So I would first see if just stubbing out the actual LLM call part of that gives you the speedups you were hoping to see as a first test. If it’s still too slow even without that part; then my next guess would be that the code within that traverse that tries to decide what/how much context to send to the LLM may not be as efficient as it could be. I wasn’t necessarily thinking about speed when I opened the issue related to cleaning up that bit of the code; but just more that it seemed more complex than my gut feel said it needed to be; and so I found it harder to reason about than I should have. So it wouldn’t surprise me if there might be a performance degradation within that bit.
When you say it takes like 90s with traverse compared to like 5s directly in chat; how big is the code sample you’re providing? Is it like a real world web app, or a tiny snippet? I believe one of the reasons the code is parsed and traversed as it currently is is so that we can control how much context is given to the LLM at any one time; and not confuse/dilute it/overflow its context window/etc.
Another random guess as to something that might potentially impact the speed of things running through the traverse code vs standalone chat is if the humanify code isn’t running the model on the GPU for some reason, but is falling back to CPU/similar.
It’s sort of hard to guess/reason about things beyond that at this stage.
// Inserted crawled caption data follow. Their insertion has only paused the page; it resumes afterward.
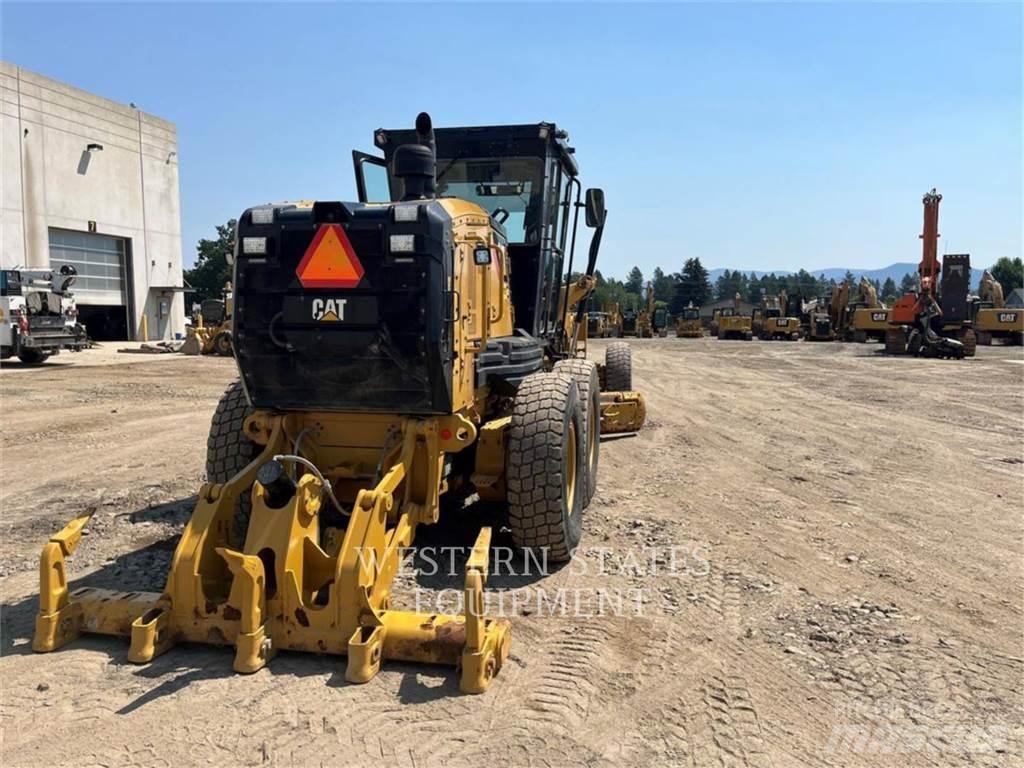 CAT 140 Niveleuse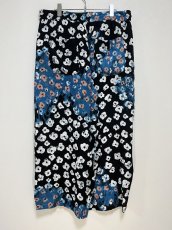 画像4: KIDILL  WIDE ZIP PANTS - TEXTILE DESIGN BY MAYA SHIBASAKI (BLACK FLOWER) (4)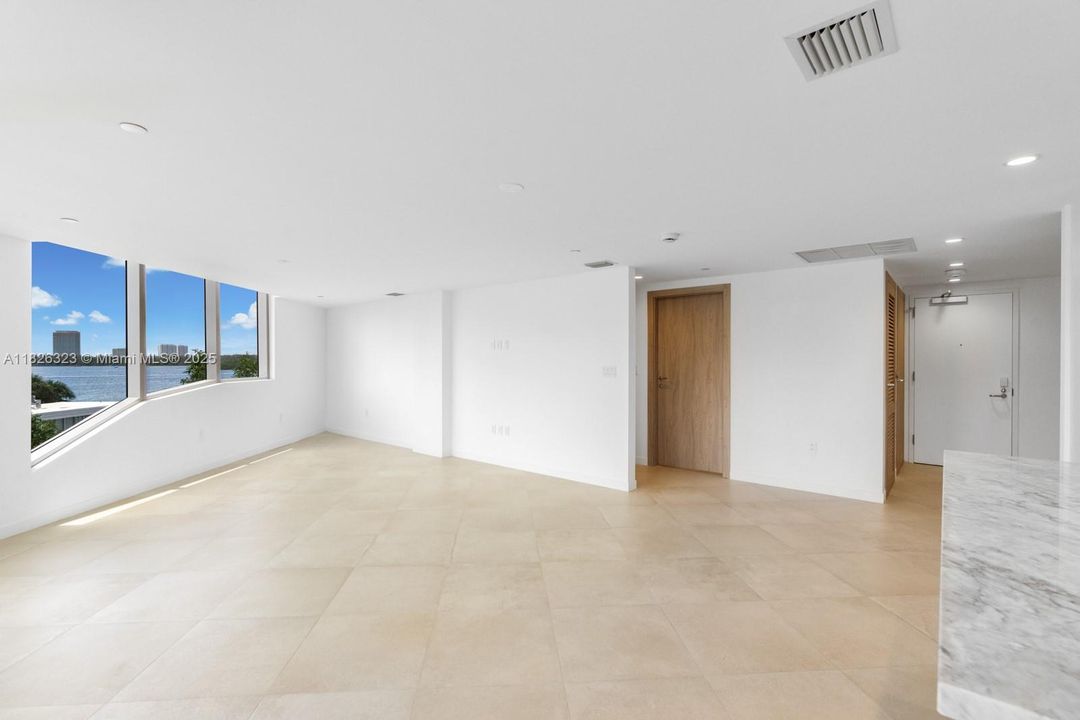 For Sale: $1,990,000 (2 beds, 2 baths, 1646 Square Feet)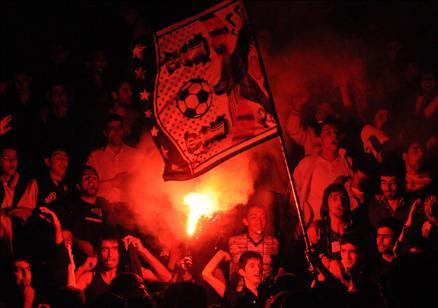 Taraftarlar, takımlarının 2-1'lik Galatasaray galibiyetini Taksim Meydanı başta olmak üzere yurt çapında pek çek yerde sokaklarda kutladı. Taraftarlar,yollarda sevinç gösterisinde bulundu.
Sort of feels like you’d need to try some of the things to narrow stuff down more/get more insight into exactly what part of it is making it slow/etc.
Any thought given to using the TypeScript Compiler API/LSP?
courtesy of ChatGPT
import * as vscode from 'vscode';
import ts from 'typescript';
import * as fs from 'fs';
export function activate(context: vscode.ExtensionContext) {
const disposable = vscode.commands.registerCommand('tsRenameAllIdentifiers.renameAll', async () => {
const editor = vscode.window.activeTextEditor;
if (!editor) {
vscode.window.showErrorMessage('No active editor.');
return;
}
const document = editor.document;
if (document.languageId !== 'typescript' && document.languageId !== 'typescriptreact') {
vscode.window.showErrorMessage('Not a TypeScript file.');
return;
}
const sourceCode = document.getText();
const fileName = document.uri.fsPath;
// Parse the file with TypeScript
const sourceFile = ts.createSourceFile(fileName, sourceCode, ts.ScriptTarget.Latest, true);
const positionsToRename: { name: string, offset: number }[] = [];
const seen = new Set<string>();
// Visit nodes recursively
function visit(node: ts.Node) {
if (ts.isIdentifier(node)) {
const name = node.text;
if (seen.has(name)) return;
seen.add(name);
positionsToRename.push({ name, offset: node.getStart() });
}
ts.forEachChild(node, visit);
}
visit(sourceFile);
const editsToApply: vscode.WorkspaceEdit[] = [];
for (const { name, offset } of positionsToRename) {
const pos = document.positionAt(offset);
const newName = `renamed_${name}`;
try {
const edit = await vscode.commands.executeCommand<vscode.WorkspaceEdit>(
'vscode.executeDocumentRenameProvider',
document.uri,
pos,
newName
);
if (edit) {
editsToApply.push(edit);
}
} catch (err) {
console.warn(`Skipping ${name}:`, err);
}
}
// Apply all collected edits sequentially
for (const edit of editsToApply) {
await vscode.workspace.applyEdit(edit);
}
vscode.window.showInformationMessage(`Renamed ${positionsToRename.length} identifiers.`);
});
context.subscriptions.push(disposable);
}
export function deactivate() {}
Any thought given to using the TypeScript Compiler API/LSP?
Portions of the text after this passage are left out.